What to produce: Every record below needs to be written out exactly, apart from the pictures.

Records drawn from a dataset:
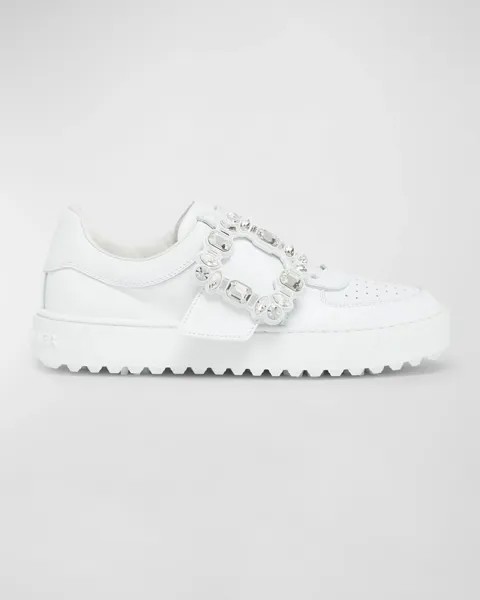 Кожаные кроссовки с пряжкой и кристаллами Very Vivier Roger Vivier, цвет White
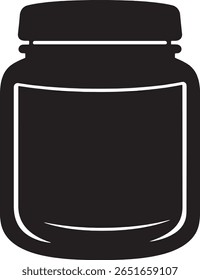 A black and white graphic of a jar with a screw-on lid, featuring a blank label.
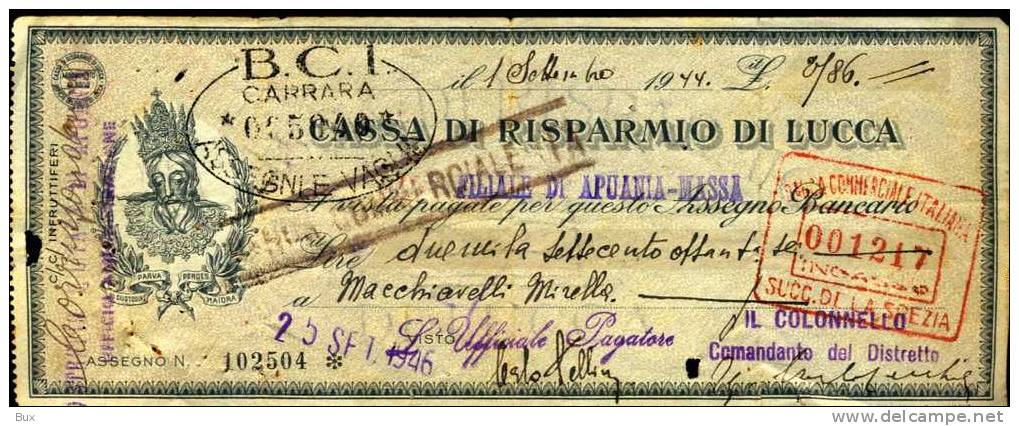 CASSA DI RISPARMIO DI LUCCA FILIALE APUANIA MASSA TIMBRO SUCCURSALE LA SPEZIA   ANNO 1946  ASSEGNO BANCA   CART. 27 - Banque & Assurance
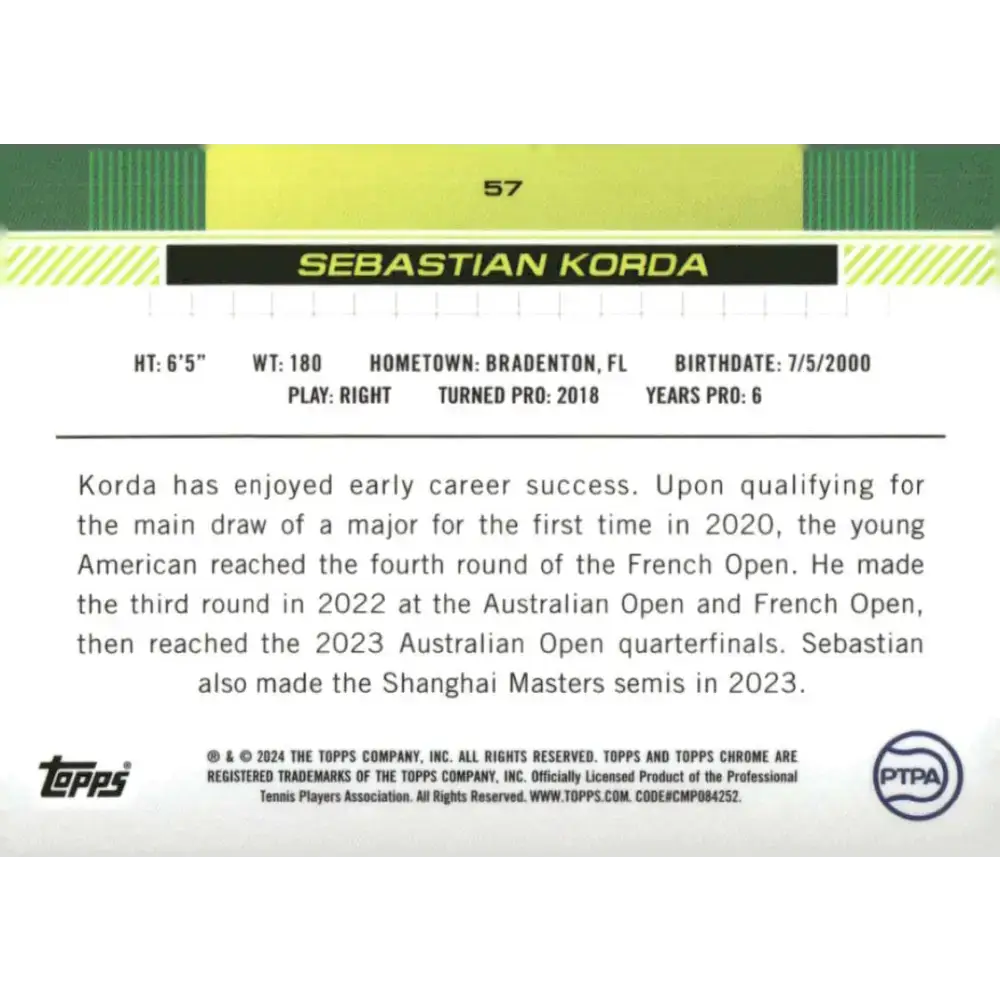 2024 Topps Chrome #57 Sebastian Korda EX Excellent Tennis Card - Tennis Card Single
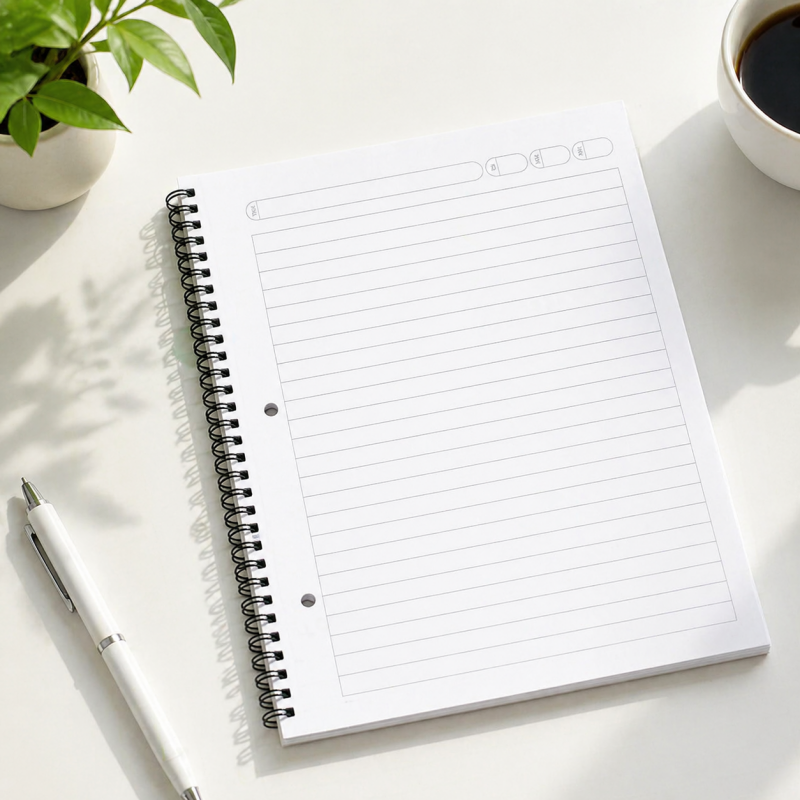 Open A4 spiral notebook showing double-loop wire binding and smooth 80gsm paper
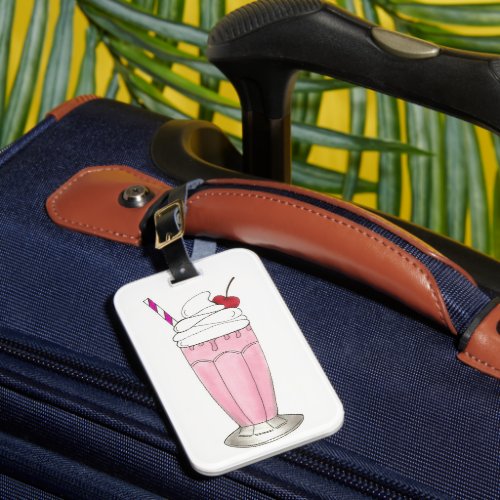 Soda Shoppe Strawberry Ice Cream Milkshake Shake Luggage Tag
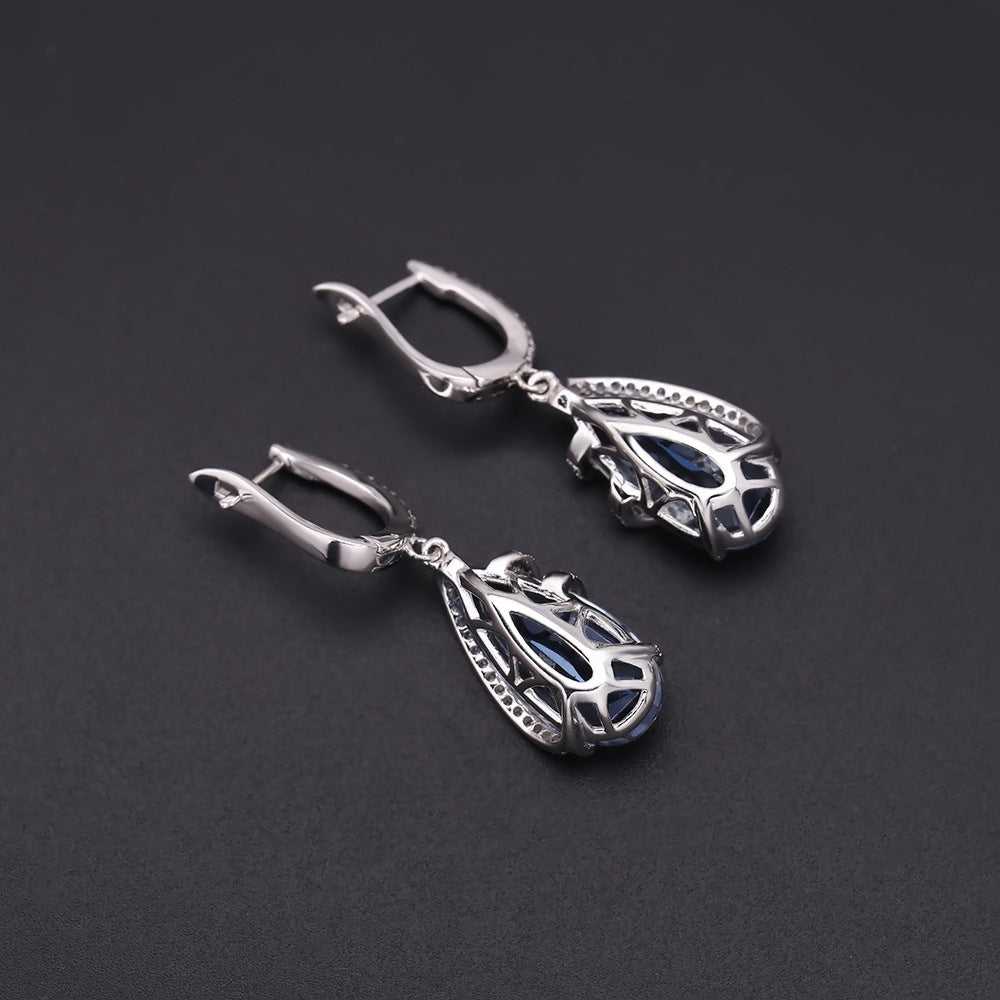 Crystal Creative Soleste Halo Water Droplet Silver Drop Earrings for Women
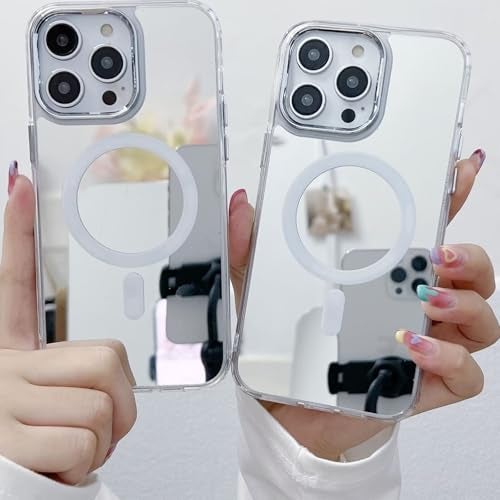 Rnrieyta Miagon Mirror Magnetic Case for iPhone 17 Pro Max,Cover [Compatible with Magsafe] Makeup Mirror Effect Bright Reflection Plating Bumper Back Rubber Phone Case Silver - Image 5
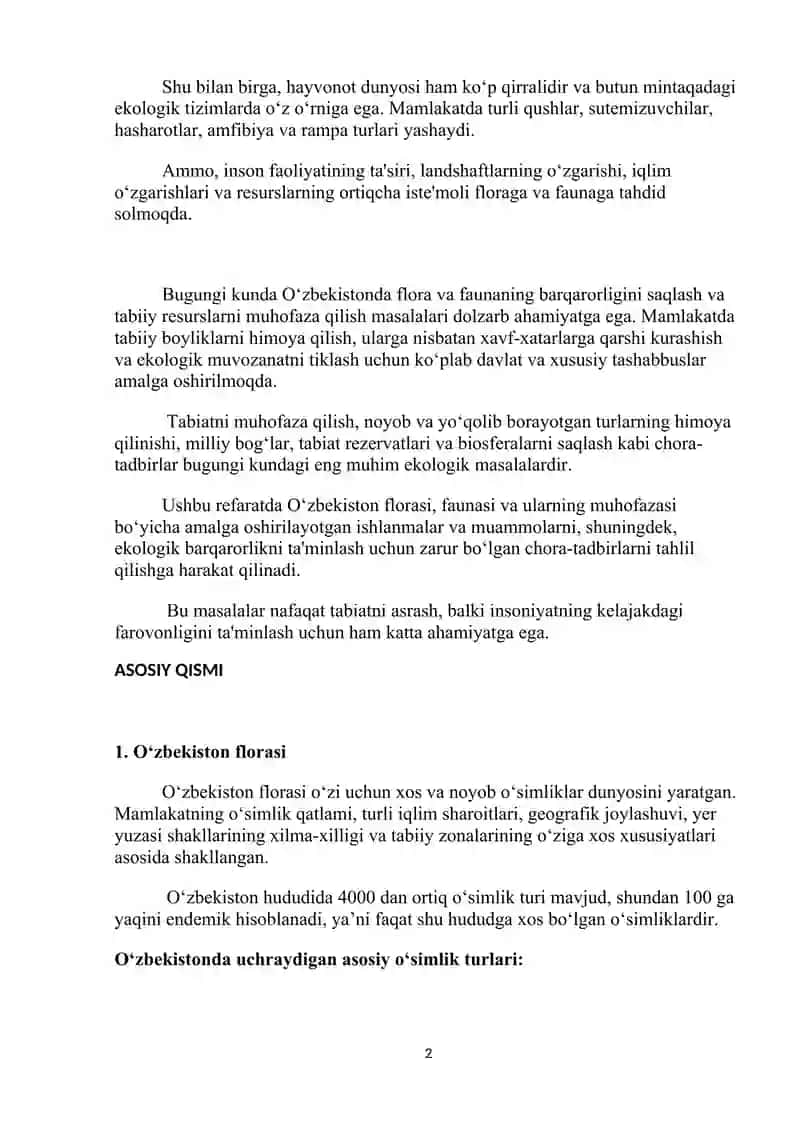 Oʻzbekiston florasi,faunasi va ularni muhofaza qilish 2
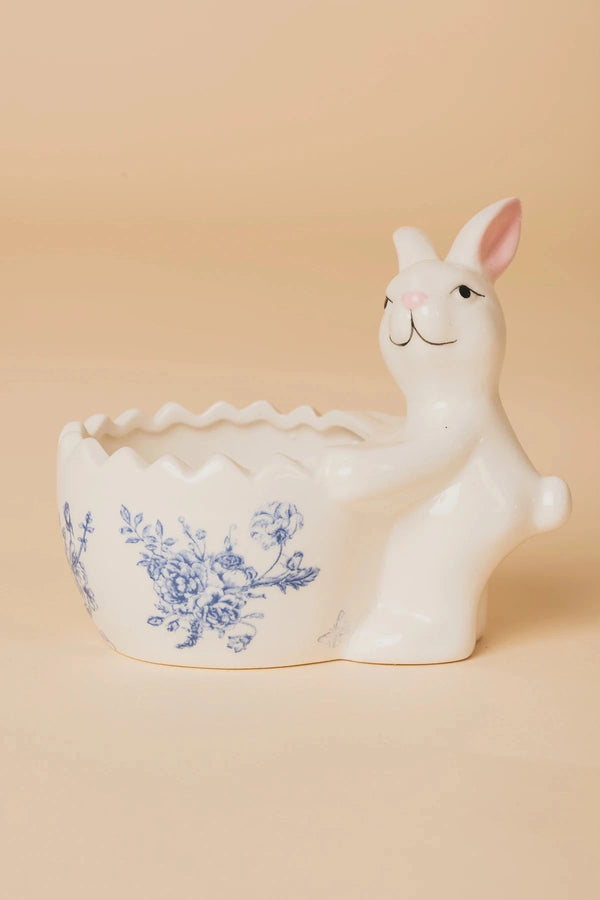 Carraig Donn Porcelain Bunny Pot Blue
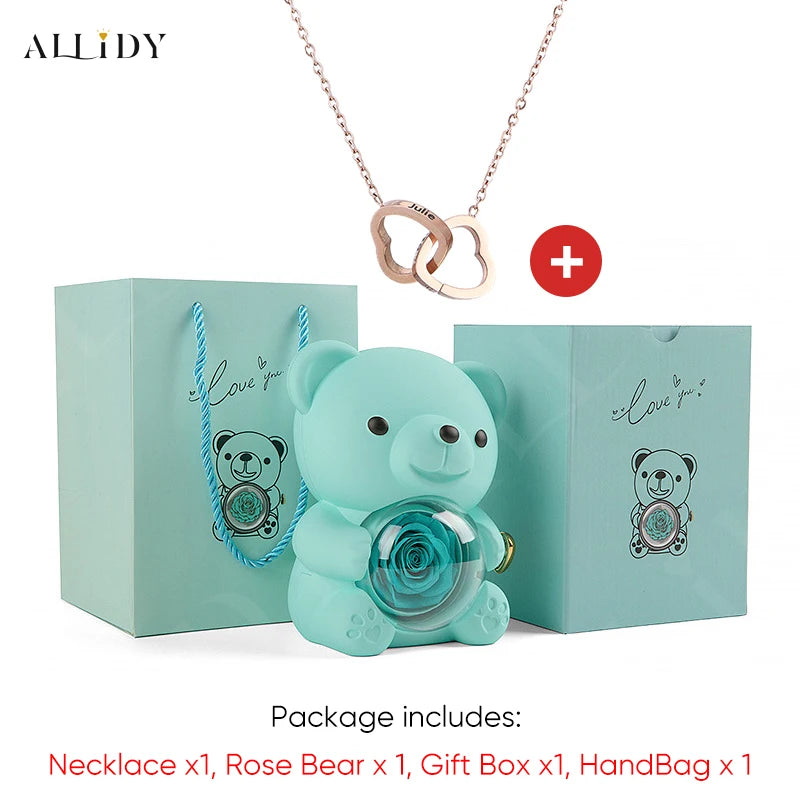 2025 Hot Eternal Rose Teddy Bear Gift Box with Custom Necklace Jewelry Set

Answer box:
 Кожаные кроссовки с пряжкой и кристаллами Very Vivier Roger Vivier, цвет White
 A black and white graphic of a jar with a screw-on lid, featuring a blank label.
 CASSA DI RISPARMIO DI LUCCA FILIALE APUANIA MASSA TIMBRO SUCCURSALE LA SPEZIA   ANNO 1946  ASSEGNO BANCA   CART. 27 - Banque & Assurance
 2024 Topps Chrome #57 Sebastian Korda EX Excellent Tennis Card - Tennis Card Single
 Open A4 spiral notebook showing double-loop wire binding and smooth 80gsm paper
 Soda Shoppe Strawberry Ice Cream Milkshake Shake Luggage Tag
 Crystal Creative Soleste Halo Water Droplet Silver Drop Earrings for Women
 Rnrieyta Miagon Mirror Magnetic Case for iPhone 17 Pro Max,Cover [Compatible with Magsafe] Makeup Mirror Effect Bright Reflection Plating Bumper Back Rubber Phone Case Silver - Image 5
 Oʻzbekiston florasi,faunasi va ularni muhofaza qilish 2
 Carraig Donn Porcelain Bunny Pot Blue
 2025 Hot Eternal Rose Teddy Bear Gift Box with Custom Necklace Jewelry Set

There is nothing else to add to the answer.